Part of Advances in Neural Information Processing Systems 36 (NeurIPS 2023) Main Conference Track
Akifumi Imanishi, Zijian Xu, Masayuki Takagi, Sixue Wang, Emilio Castillo
Training large-scale neural networks is heavily constrained by GPU memory. In order to circumvent this limitation, gradient checkpointing, or recomputation is a powerful technique. There is active research in this area with methods such as Checkmake or Moccasin. However, both Checkmate and Moccasin rely on mixed integer linear programming or constraint programming, resulting in limited scalability due to their exponentially large search space.This paper proposes a novel algorithm for recomputation (FastSA) based on a simulated annealing heuristic that achieves comparable or even better solutions than state-of-the-art alternatives.
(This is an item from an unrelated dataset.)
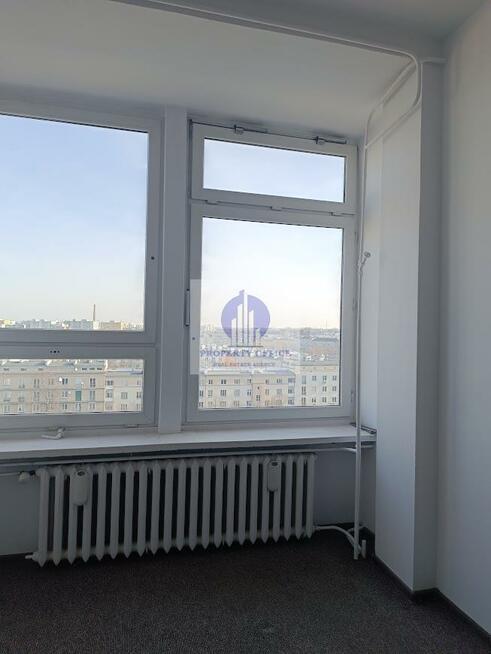 Lokal użytkowy Warszawa Praga-Północ, Jagiellońska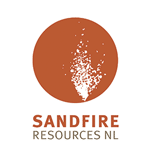Sandfire Resources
FastSA can optimize computational graphs with thousands of nodes within 3 to 30 seconds, several orders of magnitude faster than current solutions.We applied FastSA to PyTorch models and verified its effectiveness through popular large vision and text models, including recent language models with the transformer architecture. The results demonstrate significant memory reductions by 73% with extra 18% computational overheads on average. Our experiments demonstrate the practicality and effectiveness of our recomputation algorithm, further highlighting its potential for wide application in various deep learning domains.